[YOUR ASSIGNMENT] The task calls for an exact retyping of the lines from the one holding "Prodej sadu, 22" through the end of the listing, with pictures omitted and nothing added.

[MATERIAL SHOWN]
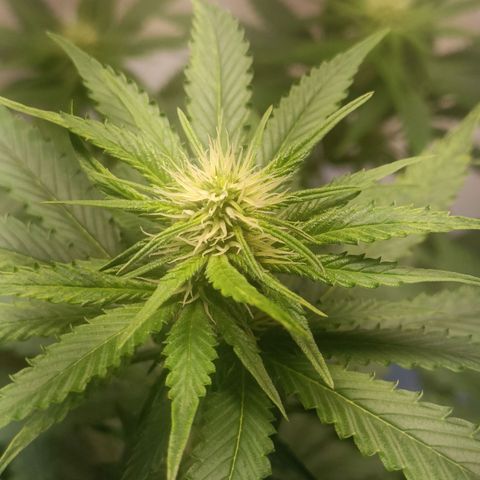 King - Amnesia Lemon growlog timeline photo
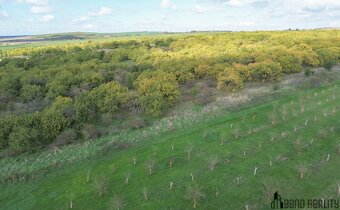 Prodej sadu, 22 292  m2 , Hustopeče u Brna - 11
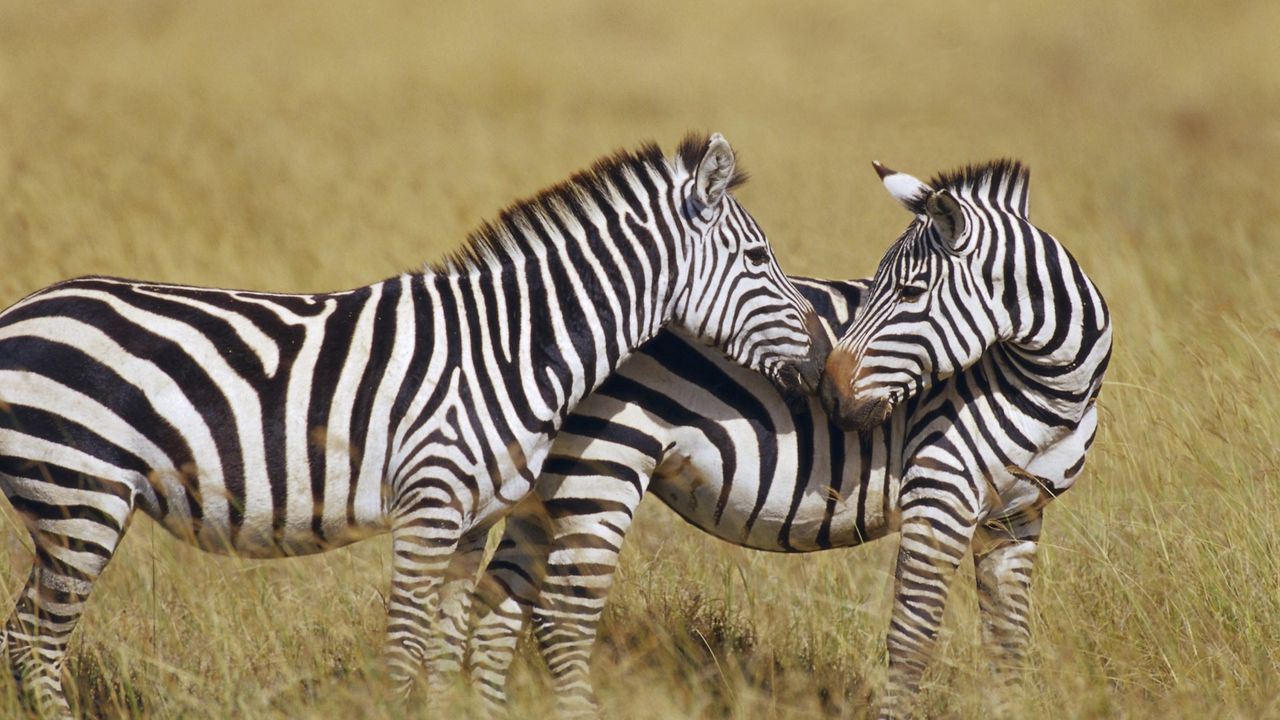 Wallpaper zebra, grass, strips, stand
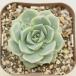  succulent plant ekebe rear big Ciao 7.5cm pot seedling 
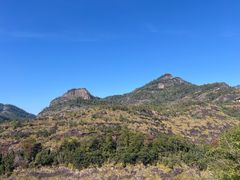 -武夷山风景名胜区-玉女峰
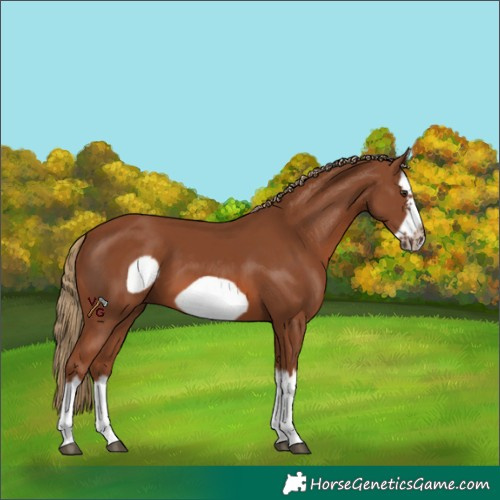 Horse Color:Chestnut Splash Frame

[EXERCISE OUTPUT]
 Prodej sadu, 22 292  m2 , Hustopeče u Brna - 11
 Wallpaper zebra, grass, strips, stand
  succulent plant ekebe rear big Ciao 7.5cm pot seedling 
 -武夷山风景名胜区-玉女峰
 Horse Color:Chestnut Splash Frame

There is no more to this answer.